Comparative example 8

Chondroitin sulfate and collagen peptide were prepared from the same raw material using the method of example 1, except that the nanofiltration of step (3) used a 600Da cut-off membrane.

Comparative example 9

Chondroitin sulfate and collagen peptide were prepared from the same raw material using the method of example 1, except that no anion resin adsorption was used and the filtering operations in step (4) and step (5) were omitted.

Example 5 detection of physicochemical Properties of collagen peptides

In the above comparative examples, the addition ratio of the used alternative protease is close to the optimal ratio of the enzyme, and the exploration process is not detailed, mainly comparing the product differences caused by the difference of the types of the used proteases and the process steps, including chondroitin yield, chondroitin heteroprotein, collagen peptide yield, 280Da oligopeptide content, storage stability and the like. The results are shown in Table 3:

TABLE 3 yield and quality of collagen peptide obtained by different processes

The comparison results in the table show that after the key control links in the process are changed, the process can generate great changes compared with the examples, including increase of chondroitin sulfate heteroprotein, low yield of the prepared collagen peptide, less proportion of 280-plus-450 Da oligopeptide, easy moisture absorption and unfavorable storage, and the like. Therefore, the reasonable technology and relevant parameters for preparing the collagen peptide from the chondroitin sulfate ultrafiltration waste liquid are mastered, the prepared collagen peptide has high yield and high active ingredient ratio, and the product is easy to store for a long time.

Application example 1 measurement of biological Activity of collagen peptide

The collagen peptide has various biological activity effects in the molecular weight region of 200-500Da, and the molecular weight of the collagen peptide prepared by the invention is more than 80% below 500 Da. In order to evaluate the collagen peptides prepared in examples 1 to 3 for efficacy, the results of verifying the efficacy in whitening, moisturizing, etc. are shown in table 4:

table 4 examples 1-3 collagen peptide preparation efficacy test (n = 3)
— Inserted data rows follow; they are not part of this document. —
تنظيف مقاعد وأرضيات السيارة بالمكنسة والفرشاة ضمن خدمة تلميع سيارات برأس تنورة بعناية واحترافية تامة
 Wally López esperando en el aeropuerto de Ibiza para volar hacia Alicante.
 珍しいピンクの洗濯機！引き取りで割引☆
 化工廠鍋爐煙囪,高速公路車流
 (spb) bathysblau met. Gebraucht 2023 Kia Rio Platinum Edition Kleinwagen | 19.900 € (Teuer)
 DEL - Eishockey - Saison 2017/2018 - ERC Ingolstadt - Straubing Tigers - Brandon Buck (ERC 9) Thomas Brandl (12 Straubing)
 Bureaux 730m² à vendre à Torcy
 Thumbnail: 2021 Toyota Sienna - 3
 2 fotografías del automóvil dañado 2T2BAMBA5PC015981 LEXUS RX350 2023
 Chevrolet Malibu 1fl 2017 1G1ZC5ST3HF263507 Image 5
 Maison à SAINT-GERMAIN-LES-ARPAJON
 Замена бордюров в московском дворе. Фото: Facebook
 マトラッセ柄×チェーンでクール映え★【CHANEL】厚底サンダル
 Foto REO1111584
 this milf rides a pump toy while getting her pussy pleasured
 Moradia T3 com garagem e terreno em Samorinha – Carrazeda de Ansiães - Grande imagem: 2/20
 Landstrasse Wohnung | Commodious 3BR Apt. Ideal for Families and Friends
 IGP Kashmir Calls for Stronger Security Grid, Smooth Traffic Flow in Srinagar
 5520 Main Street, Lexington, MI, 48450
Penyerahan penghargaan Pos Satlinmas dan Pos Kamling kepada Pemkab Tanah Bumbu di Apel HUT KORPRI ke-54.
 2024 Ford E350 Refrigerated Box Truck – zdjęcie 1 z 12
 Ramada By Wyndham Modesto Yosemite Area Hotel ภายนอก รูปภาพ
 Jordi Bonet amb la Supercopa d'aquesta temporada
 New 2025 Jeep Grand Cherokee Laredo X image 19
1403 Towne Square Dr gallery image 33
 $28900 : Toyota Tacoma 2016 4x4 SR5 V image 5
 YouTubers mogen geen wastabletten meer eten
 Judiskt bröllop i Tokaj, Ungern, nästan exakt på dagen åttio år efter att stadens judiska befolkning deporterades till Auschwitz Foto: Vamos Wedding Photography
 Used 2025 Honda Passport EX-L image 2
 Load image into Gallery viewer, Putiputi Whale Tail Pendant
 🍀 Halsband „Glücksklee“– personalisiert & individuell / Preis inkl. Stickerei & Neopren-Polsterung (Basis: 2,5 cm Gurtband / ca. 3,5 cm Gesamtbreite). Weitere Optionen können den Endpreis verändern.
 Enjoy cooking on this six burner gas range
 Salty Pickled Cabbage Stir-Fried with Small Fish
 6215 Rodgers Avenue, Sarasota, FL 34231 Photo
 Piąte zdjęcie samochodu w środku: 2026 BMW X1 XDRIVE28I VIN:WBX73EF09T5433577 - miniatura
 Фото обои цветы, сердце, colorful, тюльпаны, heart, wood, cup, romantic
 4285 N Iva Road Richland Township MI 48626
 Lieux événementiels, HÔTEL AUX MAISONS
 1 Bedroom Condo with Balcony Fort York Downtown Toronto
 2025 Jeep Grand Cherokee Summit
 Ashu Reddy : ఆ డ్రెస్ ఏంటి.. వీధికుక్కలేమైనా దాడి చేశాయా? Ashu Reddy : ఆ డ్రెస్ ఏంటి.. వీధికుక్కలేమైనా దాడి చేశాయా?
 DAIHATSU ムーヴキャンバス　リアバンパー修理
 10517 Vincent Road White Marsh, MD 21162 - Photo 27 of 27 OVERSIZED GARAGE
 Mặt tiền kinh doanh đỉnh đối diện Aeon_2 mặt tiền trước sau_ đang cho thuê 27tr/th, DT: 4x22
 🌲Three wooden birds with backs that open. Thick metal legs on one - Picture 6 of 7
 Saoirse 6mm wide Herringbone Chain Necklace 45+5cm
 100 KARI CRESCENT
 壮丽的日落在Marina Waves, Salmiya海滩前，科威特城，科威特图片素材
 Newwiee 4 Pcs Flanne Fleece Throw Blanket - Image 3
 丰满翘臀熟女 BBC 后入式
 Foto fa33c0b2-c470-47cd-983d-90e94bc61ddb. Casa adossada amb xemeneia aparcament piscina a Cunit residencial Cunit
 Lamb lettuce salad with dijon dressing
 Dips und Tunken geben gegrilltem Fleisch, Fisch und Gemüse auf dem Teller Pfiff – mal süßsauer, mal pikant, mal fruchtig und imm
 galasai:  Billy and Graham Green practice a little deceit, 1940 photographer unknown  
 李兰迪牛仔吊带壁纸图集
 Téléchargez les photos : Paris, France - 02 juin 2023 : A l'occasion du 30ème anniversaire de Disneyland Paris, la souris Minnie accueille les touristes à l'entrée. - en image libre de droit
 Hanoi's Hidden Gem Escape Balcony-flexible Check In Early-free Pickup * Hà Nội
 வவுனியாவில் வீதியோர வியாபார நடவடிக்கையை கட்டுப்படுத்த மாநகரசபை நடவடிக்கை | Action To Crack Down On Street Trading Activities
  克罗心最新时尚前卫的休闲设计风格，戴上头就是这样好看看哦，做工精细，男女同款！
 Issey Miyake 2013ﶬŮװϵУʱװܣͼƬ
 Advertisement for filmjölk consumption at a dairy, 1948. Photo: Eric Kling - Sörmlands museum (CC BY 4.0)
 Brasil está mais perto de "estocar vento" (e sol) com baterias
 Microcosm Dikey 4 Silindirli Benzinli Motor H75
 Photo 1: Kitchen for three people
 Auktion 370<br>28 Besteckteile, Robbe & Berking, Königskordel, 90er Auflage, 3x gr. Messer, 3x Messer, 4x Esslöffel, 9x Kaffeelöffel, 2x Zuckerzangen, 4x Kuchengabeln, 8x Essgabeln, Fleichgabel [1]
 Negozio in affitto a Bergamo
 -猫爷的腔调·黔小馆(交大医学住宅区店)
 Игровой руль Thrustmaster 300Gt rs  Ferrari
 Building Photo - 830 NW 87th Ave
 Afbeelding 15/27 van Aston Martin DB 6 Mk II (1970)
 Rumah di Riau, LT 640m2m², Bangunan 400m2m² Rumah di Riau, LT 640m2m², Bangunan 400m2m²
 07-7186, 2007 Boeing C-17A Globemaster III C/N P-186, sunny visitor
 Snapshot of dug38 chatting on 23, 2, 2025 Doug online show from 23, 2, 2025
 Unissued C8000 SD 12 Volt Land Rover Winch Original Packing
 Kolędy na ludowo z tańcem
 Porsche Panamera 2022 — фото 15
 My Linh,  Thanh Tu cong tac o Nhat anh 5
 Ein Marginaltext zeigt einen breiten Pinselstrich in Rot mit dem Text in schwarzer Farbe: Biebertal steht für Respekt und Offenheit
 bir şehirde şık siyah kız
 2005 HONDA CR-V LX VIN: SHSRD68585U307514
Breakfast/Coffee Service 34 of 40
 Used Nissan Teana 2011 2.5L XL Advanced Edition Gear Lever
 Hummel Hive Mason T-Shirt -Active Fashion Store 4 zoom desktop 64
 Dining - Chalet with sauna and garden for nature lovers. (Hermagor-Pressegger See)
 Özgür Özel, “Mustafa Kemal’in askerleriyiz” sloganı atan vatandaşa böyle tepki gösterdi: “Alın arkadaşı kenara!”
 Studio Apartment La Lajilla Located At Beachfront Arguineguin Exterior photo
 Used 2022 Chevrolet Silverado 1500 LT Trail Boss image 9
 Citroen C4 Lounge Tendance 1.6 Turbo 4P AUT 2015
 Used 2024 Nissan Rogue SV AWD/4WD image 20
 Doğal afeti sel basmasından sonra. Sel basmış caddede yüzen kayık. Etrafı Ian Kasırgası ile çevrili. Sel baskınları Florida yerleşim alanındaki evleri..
According to the results in table 4, the inhibition rate of the 2% solution of the collagen peptide sample prepared in the example on tyrosinase exceeds 30%, and the collagen peptide sample has a good whitening effect. For the moisturizing effect, the product prepared in the embodiment also shows good body surface and in-vitro moisturizing effect, and can effectively prevent water loss.

The collagen peptides prepared in the comparative example were formulated into 2% solutions for tyrosinase inhibition assay, the results of which are shown in table 5:

TABLE 5 average inhibition of tyrosinase (n = 3) for the collagen peptide solutions prepared in comparative examples 1-9

As can be seen from the results in Table 5, the products prepared in the comparative examples had tyrosinase inhibition rates of 18% to 30%, which were lower than those in the examples.